Pan American, already the world’s second-largest primary silver miner, will effectively double its silver reserves of the precious metal with the acquisition, as Reno, Nevada-based Tahoe Resources owns a major, but troubled silver mine in Guatemala (Escobal), as well as gold mines in Peru and Canada.
The Vancouver-based miner’s president and CEO Michael Steinmann said Pan American would rely on its 25-year track record of operating mines in Latin America to work with the communities around Escobal and so gain their support to restart operations.
Escobal, the world’s third largest silver mine with underground operation, has been shut since July 2017 after Guatemala’s Supreme Court provisionally ordered its closure following an appeal from environment and human rights organization CALAS. Escobal began commercial production in 2014 and, in 2016, produced a record 21.2 million ounces of silver in concentrate.
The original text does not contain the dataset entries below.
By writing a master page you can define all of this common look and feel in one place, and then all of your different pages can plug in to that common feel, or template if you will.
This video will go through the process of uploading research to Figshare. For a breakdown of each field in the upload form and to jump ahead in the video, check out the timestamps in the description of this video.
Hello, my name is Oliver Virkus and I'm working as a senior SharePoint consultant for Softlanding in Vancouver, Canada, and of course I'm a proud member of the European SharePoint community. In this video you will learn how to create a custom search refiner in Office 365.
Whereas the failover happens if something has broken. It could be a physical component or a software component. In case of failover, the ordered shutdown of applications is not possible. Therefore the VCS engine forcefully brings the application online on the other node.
It has also been a source of polemic. Last year, protesters blocked access to the mine, delaying shipments and supplies.
Tahoe is also facing action in Canada’s court system by a group of Guatemalan for alleged violence at a protest outside Escobal in 2013. The group alleged the country’s Ministry of Energy and Mines (MEM) had not consulted with the local indigenous group before awarding the license to Tahoe’s local unit, Minera San Rafael.
Pan American Silver has had its share of issues in Latin America as well. In May, the company had to curtail operations in Mexico due to rising violence and crime. In particular, the company said at the time, it had faced several security incidents along the roads used to transport personnel and materials to its Dolores mine, in the state of Chihuahua, which borders Texas and New Mexico.
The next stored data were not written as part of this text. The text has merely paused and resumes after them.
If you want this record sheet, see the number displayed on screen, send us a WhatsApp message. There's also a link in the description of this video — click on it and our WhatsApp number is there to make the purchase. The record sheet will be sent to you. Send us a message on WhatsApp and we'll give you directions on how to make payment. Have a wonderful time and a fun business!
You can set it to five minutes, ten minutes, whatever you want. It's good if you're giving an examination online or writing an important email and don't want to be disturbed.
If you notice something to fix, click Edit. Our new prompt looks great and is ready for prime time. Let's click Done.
Releasing details of the deal, Pan American noted its investors will own about three-fourths of the merged firm, while Tahoe shareholders will hold the rest and may elect to receive $3.40 in cash or 0.2403 Pan American share for each Tahoe share held.
The base purchase price of $3.40 per share represents a premium of about 55 percent to Tahoe’s last close. That price is limited to a maximum cash consideration of $275 million and a maximum issue of 56 million Pan American shares.
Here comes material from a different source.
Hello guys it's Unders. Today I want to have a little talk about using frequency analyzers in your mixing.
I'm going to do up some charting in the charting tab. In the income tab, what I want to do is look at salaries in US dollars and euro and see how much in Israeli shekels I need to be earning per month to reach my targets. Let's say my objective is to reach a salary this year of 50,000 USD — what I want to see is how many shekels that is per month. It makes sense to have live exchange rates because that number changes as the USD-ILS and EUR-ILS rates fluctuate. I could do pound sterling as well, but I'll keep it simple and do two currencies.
Tahoe shares have plunged 54% year-to-date as part of the Escobal-related issues. In a nod to that, today’s agreement includes contingent value rights that will be paid out to Tahoe shareholders when the mine is is up and running again.
The total consideration, including the base purchase price and the conditional payment, is $4.10 per share.
As the boards of both companies have already approved the merger, the deal is expected to close in the first-quarter of 2019.